Until 1883 the Wakhan included the whole valley of the Panj River and the Pamir River, as well as the upper flow of the Panj River known as the Wakhan River.[1] An 1873 agreement between UK and Russia split the Wakhan by delimiting spheres of influence for the two countries at the Panj and Pamir rivers, and an agreement between Britain and Afghanistan in 1893 confirmed the new border.[2] Since then, the name Wakhan is now generally used to refer to the Afghan area south of the two rivers. The northern part of the historic Wakhan is now part of the Gorno-Badakhshan Autonomous Province in Tajikistan.

The only road into the Wakhan is a rough track from Ishkashim past Qila-e Panja to Sarhad-e Broghil
. Paths lead from the end of the road to the Wakhjir Pass, a mountain pass leading to China which is closed to travellers.
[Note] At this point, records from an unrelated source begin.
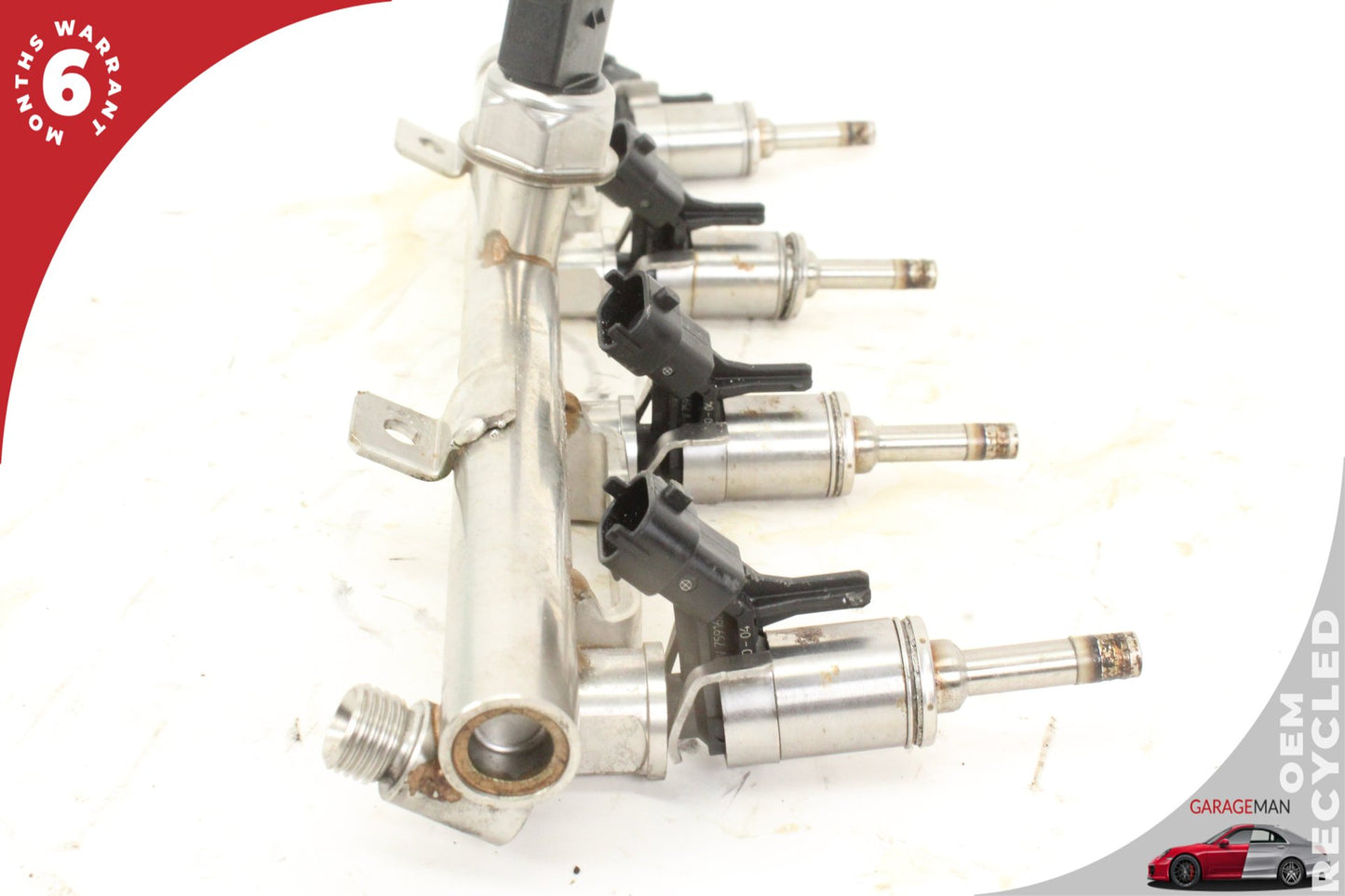 2011-2013 Mini Cooper Hardtop R56 1.6L V4 Fuel Rail w/ Injectors 7537319-05 OEM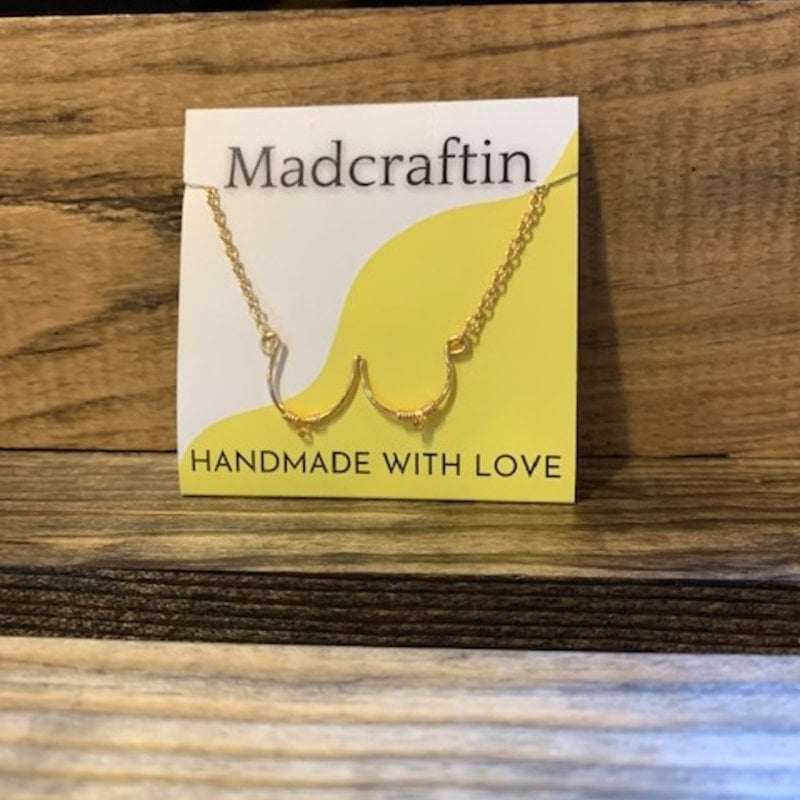 Madcraftin Gold Boob Necklace
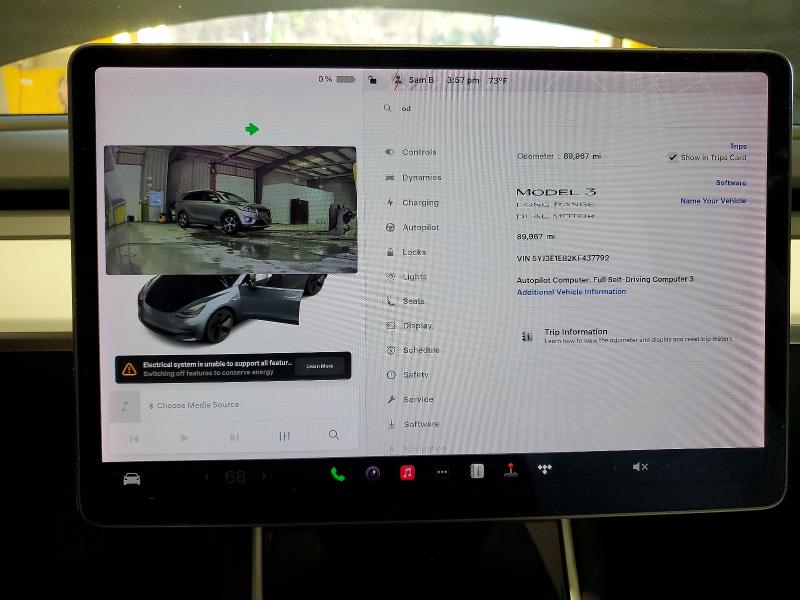 Продажа на аукционе авто 2019 Tesla Model 3, vin: 5YJ3E1EB2KF437792, номер лота: 79001395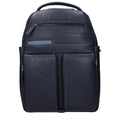 Blue Leather Backpack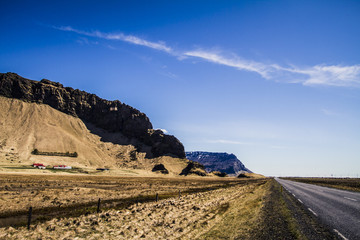Iceland Countryside with traditional houses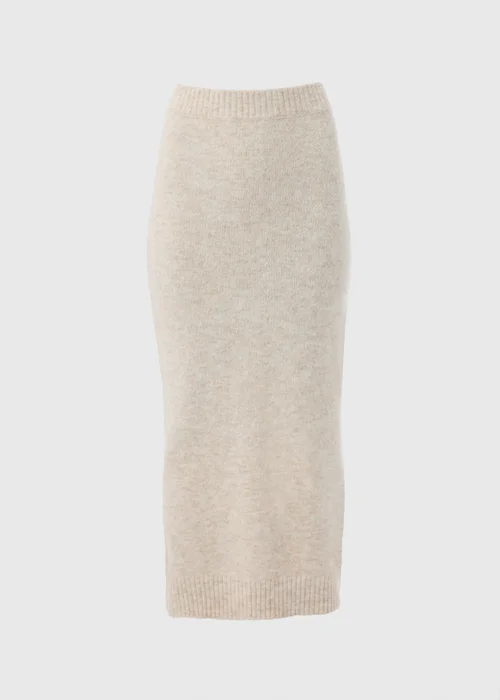 Beige Knitted Co-Ord Midi Skirt - Extra small Image 4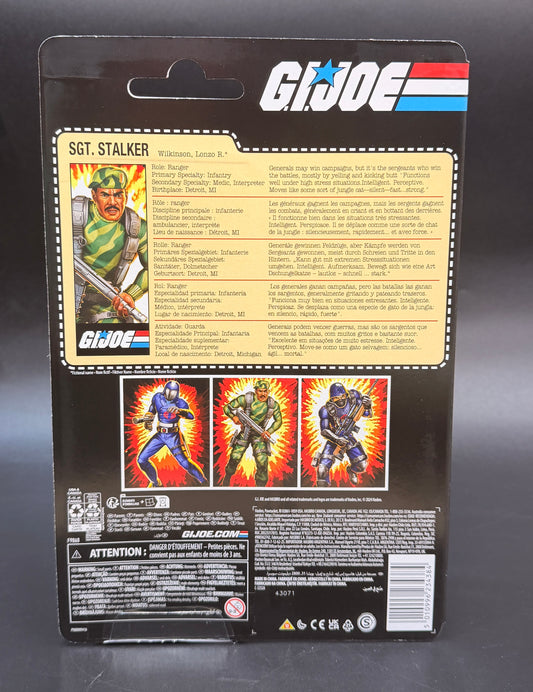 Sgt. Stalker GI JOE Classified Retro Card Series Figure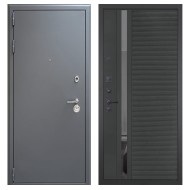 Гранит 7024, панель 090 Черный кварц с зеркальной тонированной вставкой 10 мм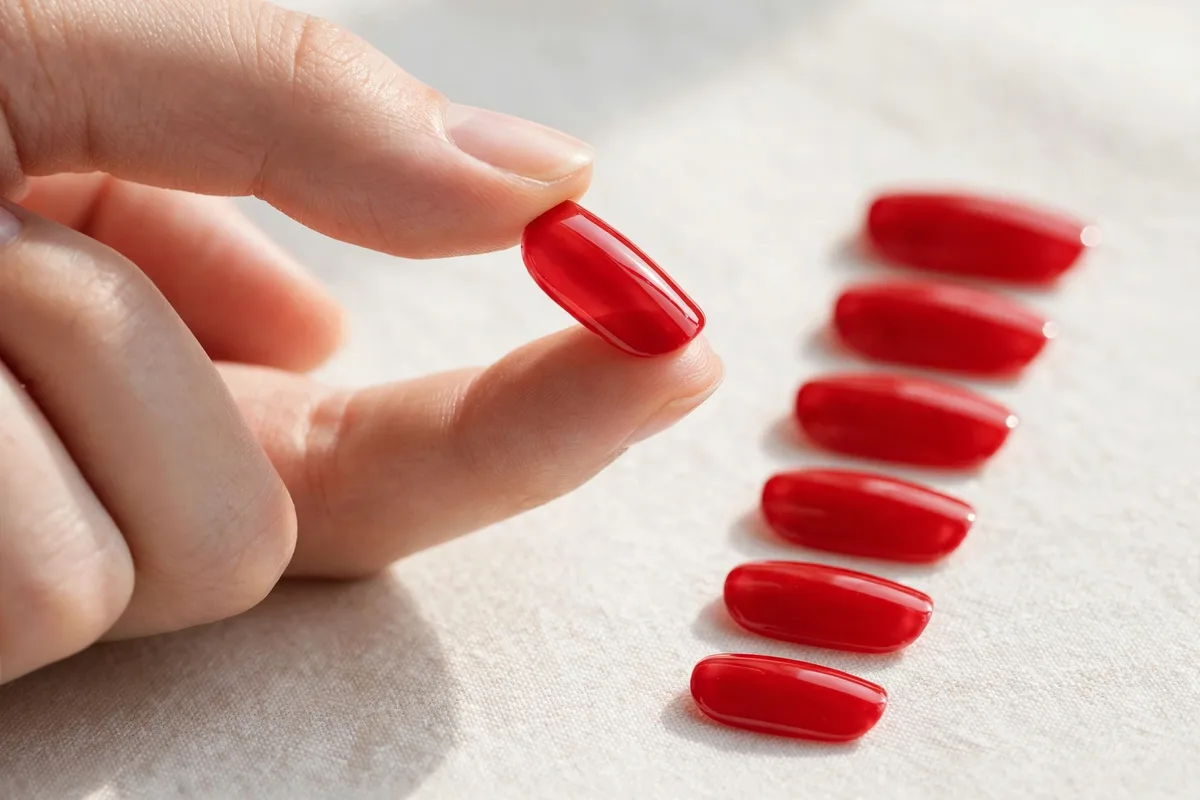 Christmas press on nail
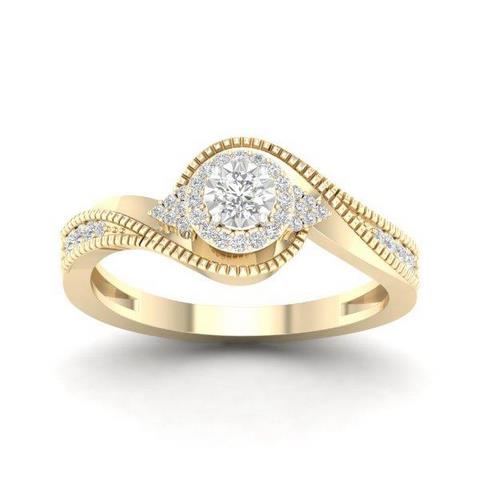 10K Yellow 0.20Ct D-Ladies Rings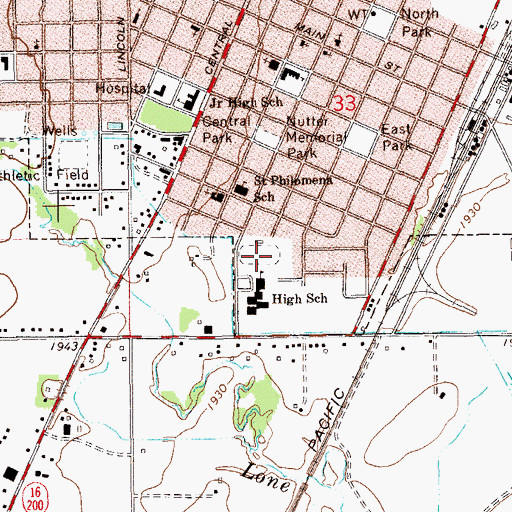 Topographic Map of Swanson Field, MT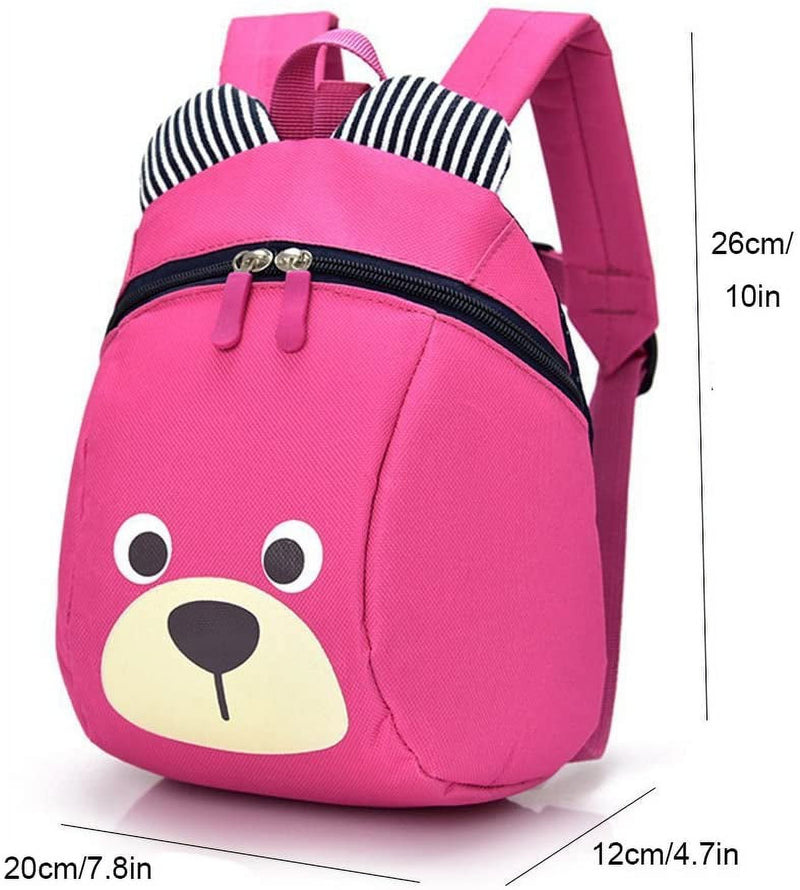 Age 1-2Y Cute Bear Small Toddler Backpack With Leash Children Kids Backpack Bag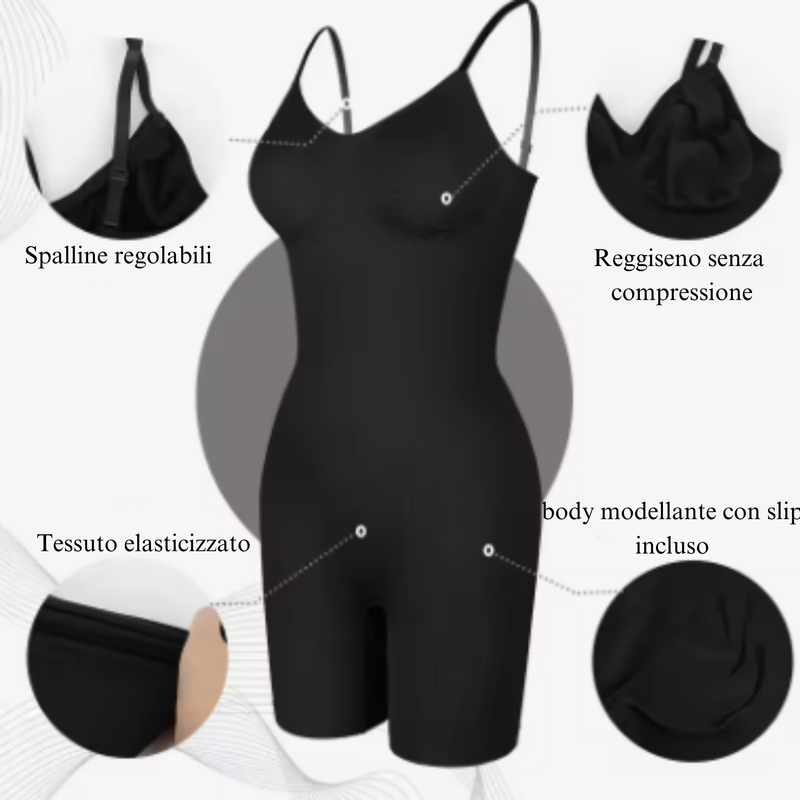 Corpo modellante nero Corbella™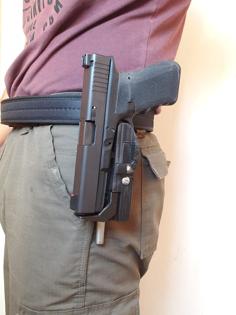 IPSC Holster Glock 17 3D Printer Model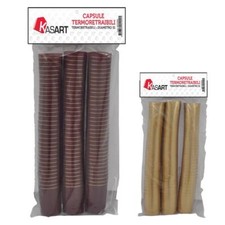 CAPSULE TERMORETRAIBILI PER BOTTIGLIE VINO nero - Ø 31 x h 55 mm pz 100 -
The western part of the Wakhan, between Ishkashim and Qila-e Panja, is known as Lower Wakhan, which includes the valley of the Panj River. The valleys of the Wakhan River, the Pamir River and their tributaries, and the terrain between, are known as Upper Wakhan.

The eastern extremity of Upper Wakhan is known as the Pamir Knot, the area where the Himalayas, Tian Shan, Karakoram, Kunlun, and Hindu Kush ranges meet. West of the Pamir Knot is the Little Pamir, a broad U-shaped grassy valley 100 km long and 10 km wide,[3] which contains Chaqmaqtin Lake, the headwaters of the Aksu or Murghab River. At the eastern end of the Little Pamir is the Tegermansu Valley, from where the closed Tegermansu Pass (4,827 m) leads to China. The Great Pamir or Big Pamir, a valley 60 km long valley south of Zorkol lake, drained by the Pamir River, lies to the northwest of the Little Pamir.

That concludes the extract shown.